[TASK INPUTS]
- - -

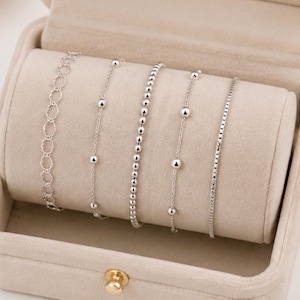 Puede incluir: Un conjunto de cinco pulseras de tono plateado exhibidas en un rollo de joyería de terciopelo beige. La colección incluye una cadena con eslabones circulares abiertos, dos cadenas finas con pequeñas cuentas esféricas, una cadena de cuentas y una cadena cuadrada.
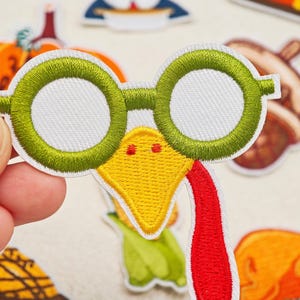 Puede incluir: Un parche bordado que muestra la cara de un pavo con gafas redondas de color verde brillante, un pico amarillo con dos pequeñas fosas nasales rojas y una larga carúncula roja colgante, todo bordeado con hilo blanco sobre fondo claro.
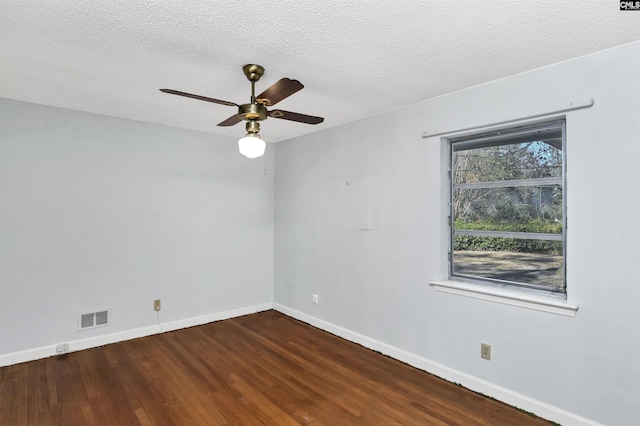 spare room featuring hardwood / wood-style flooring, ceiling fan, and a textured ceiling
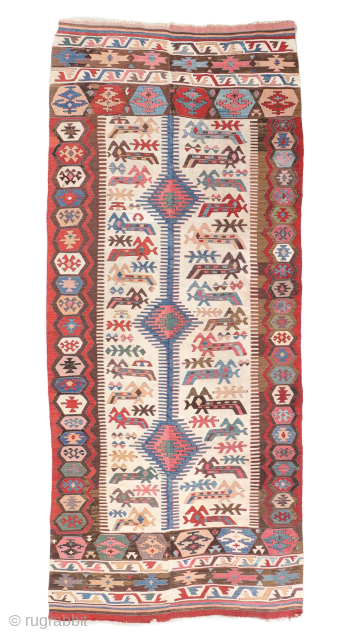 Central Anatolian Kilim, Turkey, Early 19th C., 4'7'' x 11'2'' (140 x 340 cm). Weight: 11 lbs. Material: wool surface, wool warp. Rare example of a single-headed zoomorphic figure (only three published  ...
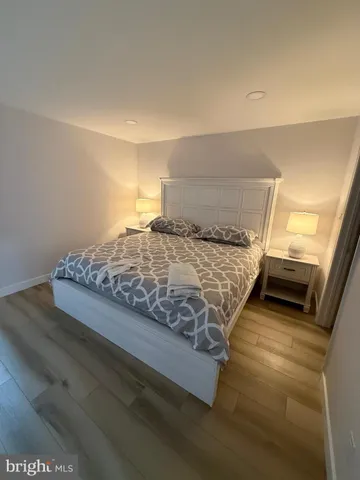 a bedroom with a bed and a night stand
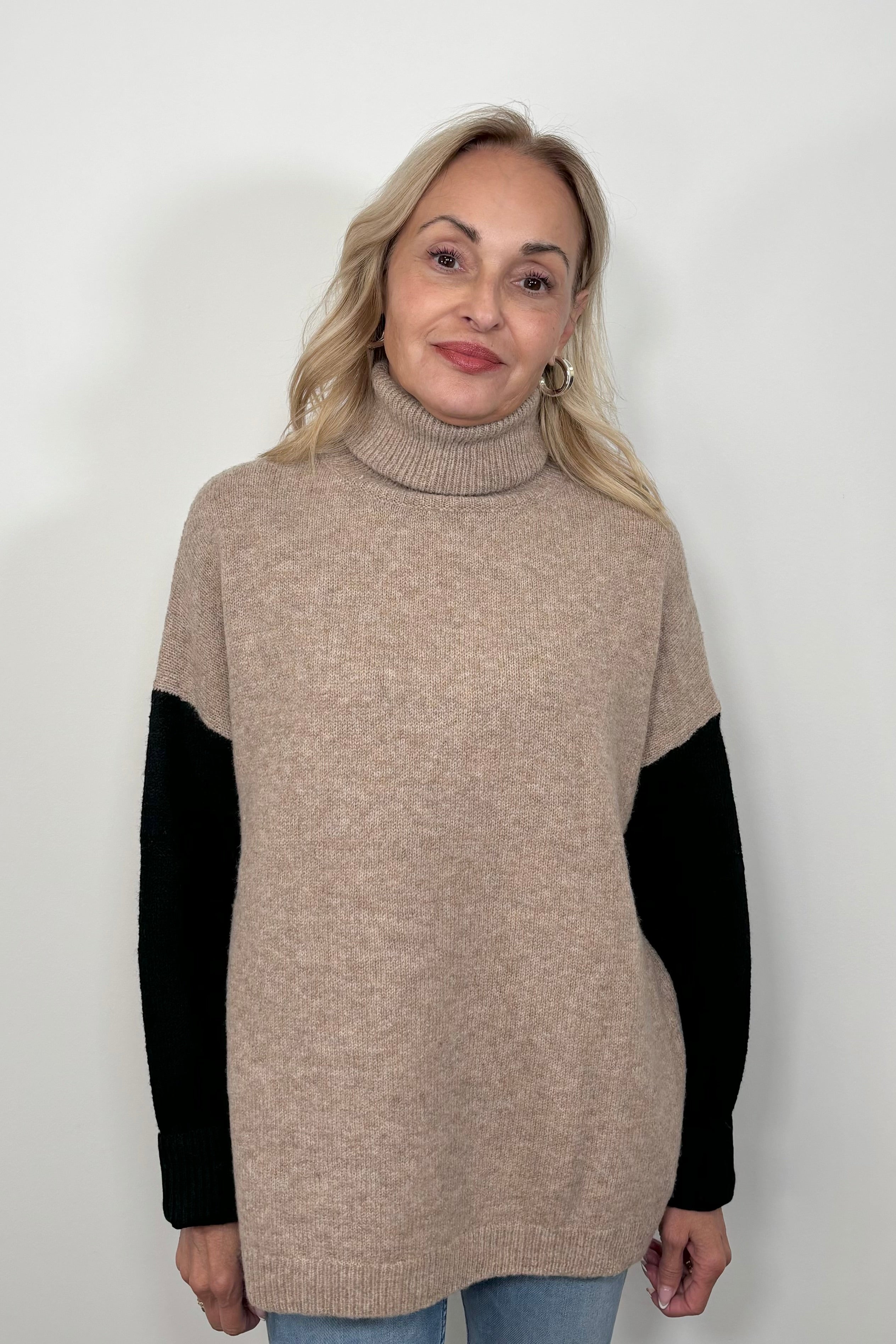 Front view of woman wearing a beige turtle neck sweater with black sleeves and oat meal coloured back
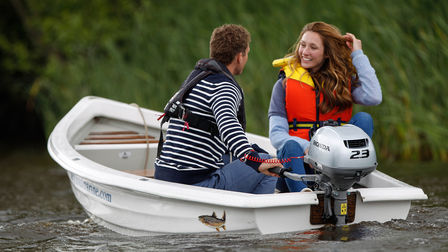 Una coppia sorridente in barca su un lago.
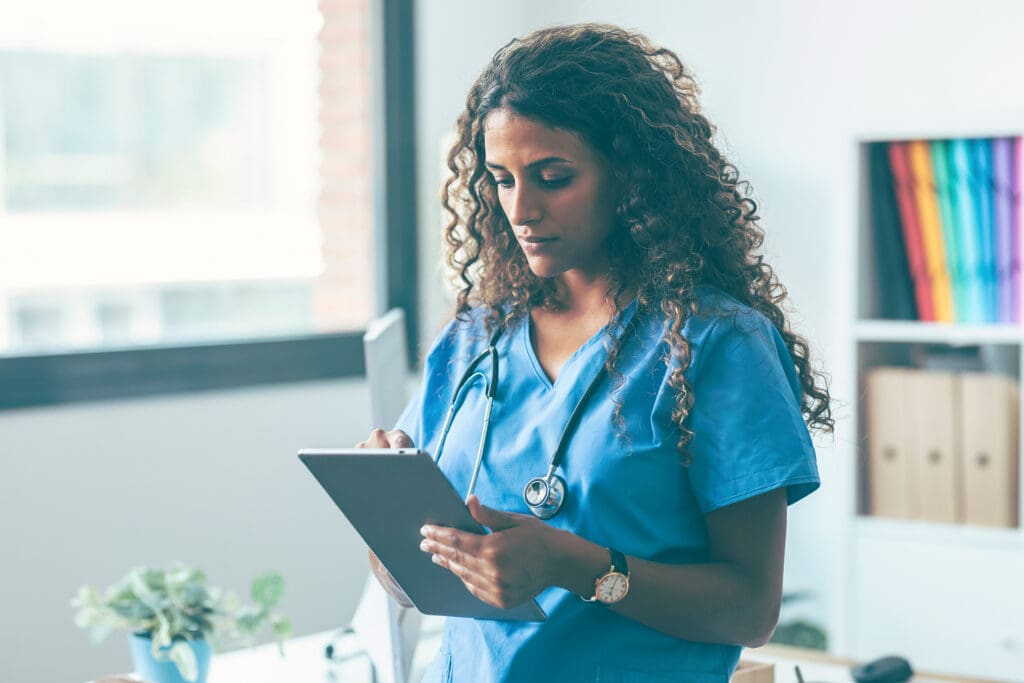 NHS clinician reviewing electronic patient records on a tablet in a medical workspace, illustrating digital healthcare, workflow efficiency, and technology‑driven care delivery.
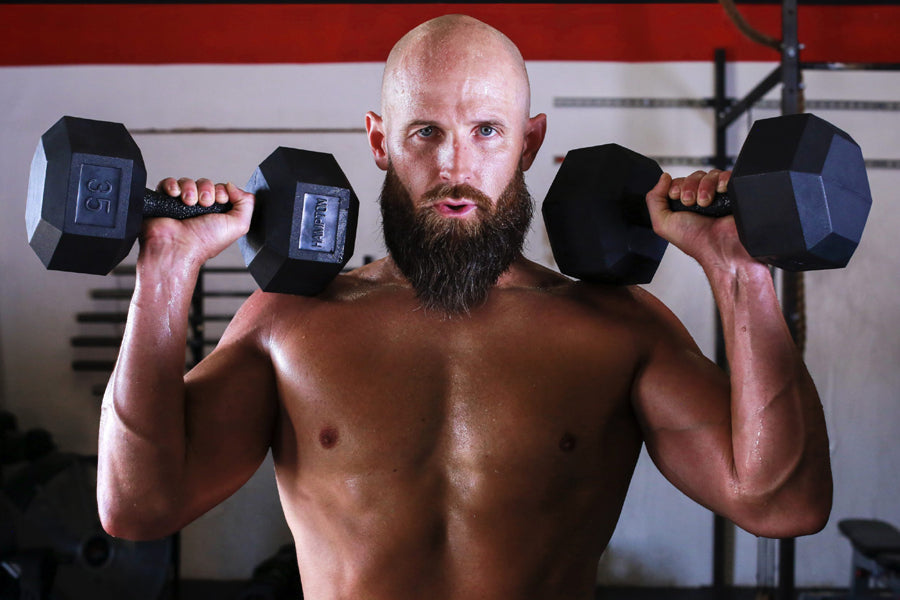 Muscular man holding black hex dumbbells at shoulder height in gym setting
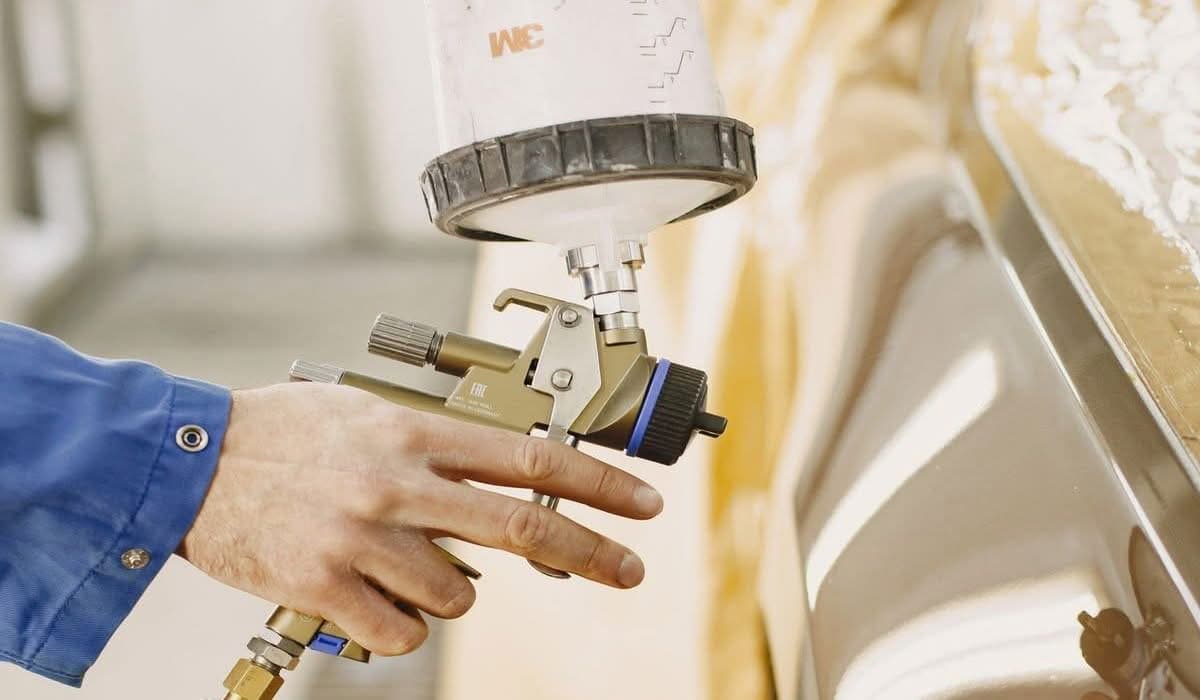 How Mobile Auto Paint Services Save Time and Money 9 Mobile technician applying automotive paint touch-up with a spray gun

- - -

[PROMPT] Could you retype each line of the material above exactly, skipping the pictures?

[ANSWER BELOW]
 Puede incluir: Un conjunto de cinco pulseras de tono plateado exhibidas en un rollo de joyería de terciopelo beige. La colección incluye una cadena con eslabones circulares abiertos, dos cadenas finas con pequeñas cuentas esféricas, una cadena de cuentas y una cadena cuadrada.
 Puede incluir: Un parche bordado que muestra la cara de un pavo con gafas redondas de color verde brillante, un pico amarillo con dos pequeñas fosas nasales rojas y una larga carúncula roja colgante, todo bordeado con hilo blanco sobre fondo claro.
 spare room featuring hardwood / wood-style flooring, ceiling fan, and a textured ceiling
 Central Anatolian Kilim, Turkey, Early 19th C., 4'7'' x 11'2'' (140 x 340 cm). Weight: 11 lbs. Material: wool surface, wool warp. Rare example of a single-headed zoomorphic figure (only three published  ...
 a bedroom with a bed and a night stand
 Front view of woman wearing a beige turtle neck sweater with black sleeves and oat meal coloured back
 Una coppia sorridente in barca su un lago.
 NHS clinician reviewing electronic patient records on a tablet in a medical workspace, illustrating digital healthcare, workflow efficiency, and technology‑driven care delivery.
 Muscular man holding black hex dumbbells at shoulder height in gym setting
 How Mobile Auto Paint Services Save Time and Money 9 Mobile technician applying automotive paint touch-up with a spray gun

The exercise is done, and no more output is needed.